Taranto, 7 maggio 2002

 

                                                                                    Franco Nicola(Lino)

                                                                                     socio fondatore

 

Allegati:

Lettere e articoli inviati senza avere mai risposta.

 

 

 

 

 

P.S.

Ulteriore messaggio per Giobbe

Ciao Giobbe,io sono Lino, il precedente scritto è opera di un laureato in chimica,io invece non vanto nessun titolo a parte la licenza media inferiore.Mi preme rafforzare il messaggio alla mia maniera ponendo questo quesito:SE E' VERO CHE IL MARE E' PIU' RICCO DELLA TERRA COME SI E' SEMPRE SOSTENUTO COME MAI L'UOMO  INSISTE A FARE BUCHI NELLA TERRA E NON NEL MARE? Ti dico io il motivo? < non lo sanno fare> ."IO HO FATTO IL BUCO NEL MARE E L'HO PURE BREVETTATO"nel lontano 1995 e voglio vedere chi lo contesta.Per memoria, la ricchezza del mare (biomassa)è stata quantificata con studi teorici,lo studioso di cui non ricordo il nome, disse:che se si estraesse tutto ciò che contiene il mare e lo si mettesse sul piatto di una ipotetica bilancia,per equilibrarla ci vorrebbero dall'altra parte tre miliardi di bovini adulti.
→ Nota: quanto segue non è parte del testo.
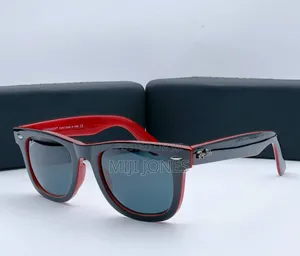 "Ray-Ban Wayfarer - Classic Aviator Sunglasses"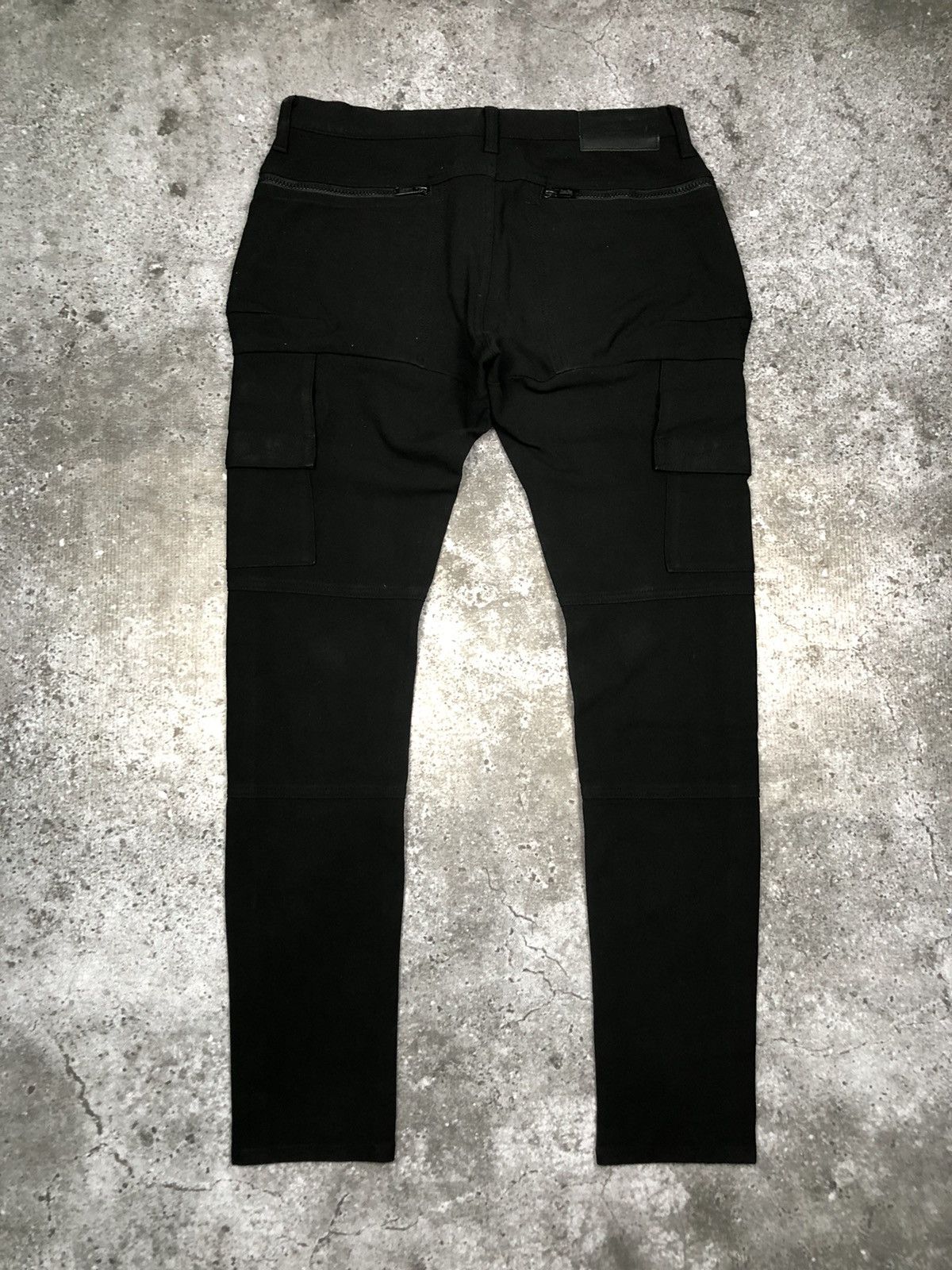 Undercover UNDERCOVER jogger Pants Size US 30 / EU 46 - 6 Thumbnail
Per il mare,la perdita sarebbe dell'1% della sua ricchezza, praticamente nulla visto che lo stesso è un continuo riprodursi.

Voglio concludere appellandomi alla intelligenza che mi permette di affermare ciò:"IO SONO L'INIZIO DELLA FINE DELLA FAME NEL MONDO ."

 

Ti saluto e a presto.

                                                                                                   Lino

 

 

 

LA MIA PUNTATA IDEALE

           Intelligenza significa:risolvere i problemi che si presentano.Io ho risolto il mio problema della fame e del lavoro.Invito a chi ha cuore il problema della povertà,della miseria e della fame nel mondo a verificare ciò che l'intelligenza mi permette di affermare ossia:se è vero che il mare è più ricco della terra mi chiedo come mai l'uomo è rimasto agli albori dell'agricoltura per risolvere i problemi della fame?E' ora di agire. Sarebbe opportuno verificare ciò che affermo trasmettere una puntata con i seguenti ospiti :Franco Nicola, Giobbe Covatta, Piero Angela, Mario Tozzi(geologo), un etnologo, un filosofo, un prete, un biologo marino,un economista.